Tra i grillini, Di Battista e Di Maio fanno il gioco delle parti. La Lega prosegue con le sue parole d’ordine sempre più dure e cattive
Di Pino Salerno
Mercoledì al Parlamento Ue di Strasburgo la Lega (con Forza Italia) dirà no alle sanzioni contro l’Ungheria di Viktor Orban mentre il M5S voterà a favore “per difendere gli interessi degli italiani”, come il Pd. Questo è solo uno dei temi, che non sono né pochi né di scarso rilievo, che dividono gli alleati di governo gialloverdi e che via via stanno venendo a galla. Così come emerge sempre di più una certa insofferenza nel Movimento rispetto alla sovraesposizione mediatica Di Matteo Salvini.
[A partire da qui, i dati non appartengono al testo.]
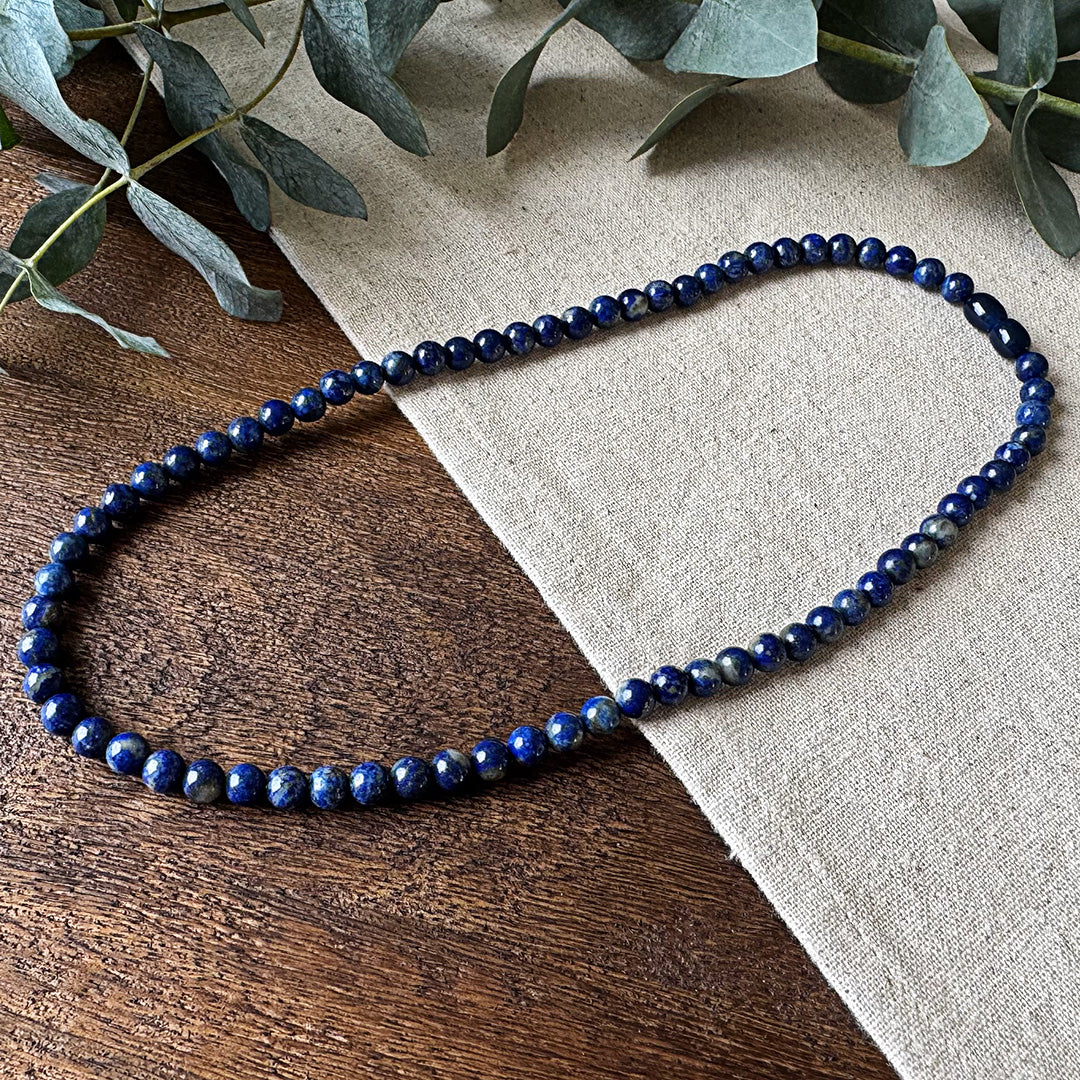 Lapis Lazuli Protection Necklace elegantly arranged on rustic wood and natural linen fabric. The polished gemstone beads showcase a stunning deep royal blue color with characteristic gold pyrite flecks that shimmer in the light. Fresh eucalyptus sprigs frame the upper corner, complementing the necklace's natural beauty while emphasizing its protective and calming qualities. Each bead displays the stone's distinctive rich coloration, creating a striking piece that combines visual appeal with traditional prop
In questo contesto va visto il duro attacco che dal Guatemala Alessandro Di Battista ha lanciato alla Lega sulla questione dei 49 milioni. “I primi cento giorni sono stati per noi un master di governo accelerato, adesso qualcosa deve cambiare. Va bene la linea di cercare una composizione nel governo, ma su alcune cose si deve intervenire, non ci possiamo negare il diritto di parola”, riflette un esponente pentastellato del governo.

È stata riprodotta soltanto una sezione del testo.